Many African-Americans Christians who have long sought to see our fellow Christians address these issues were heartened to see some Evangelicals do so. Many Caucasian-American Christians acknowledged that discrimination in a variety of forms still exists and that it impacts the lives of African-Americans rich and poor. Evangelical acknowledgement of this painfully reality was far greater during this particular news cycle than it was as recently as Trayvon Martin. That is progress.

After the emotions of these tragedies wane, the underlying societal inequalities still exist. For us it is not a matter of refusing to click links or turning off the news. I get tired too. I stop reading when it becomes overwhelming, but I never stop living it.

Christian love and cruciform racial reconciliation exists beyond moments of national crisis. It is a long-term solidarity that reveals itself in the small acts of courage placed before us everyday. It is the work of a lifetime. What does this look like practically?

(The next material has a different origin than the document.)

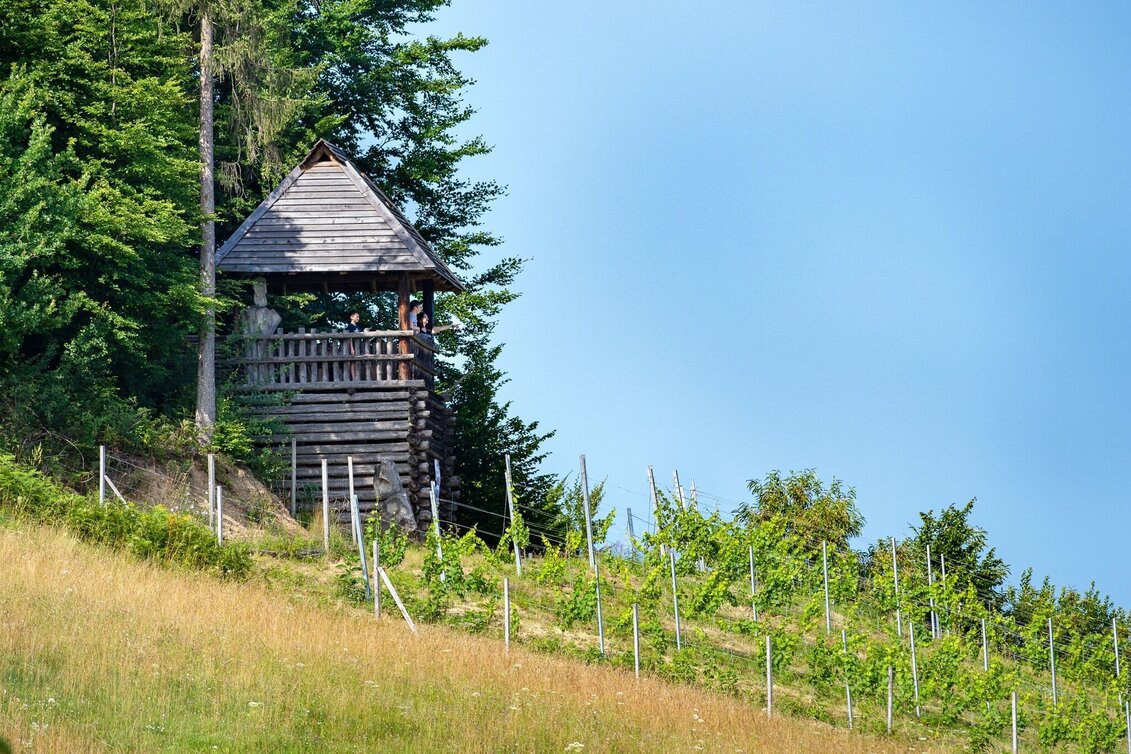 Hiking Route Parking is available right next to the cafe-pub Bicycle. - Touren-Impression #1 | © Südsteiermark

  • Pastors can begin to build the relationships across racial lines in their community that manifests the unity we have in the Messiah.
  • Lay leaders and congregations can make it a priority to create churches that reflect the diversity of the communities in which they live.
  • Parents can educate their children about God’s will to reconcile all people through the cross with such passion that their kids see the diversity of the church as a witness to the faithfulness of God.
  • We can be vocal in the thousands of discriminatory conversations that happen around us everyday. We can make our homes, schools, and businesses unsafe places for casual racism (or sexism).
  • In the pulpit, our homes, and classrooms we can laud the vitally important “secular” careers that allow our society to prosper. We need more police officers, teachers, firemen, leaders of business, and elected officials who understand racial reconciliation through the lens of the cross.

None of this is the work of social media. It requires sacrifices and an unfading conviction that this is part of the work that God has given to his church.

Little children, let us love, not in word or speech, but in truth and action (1 John 3:18).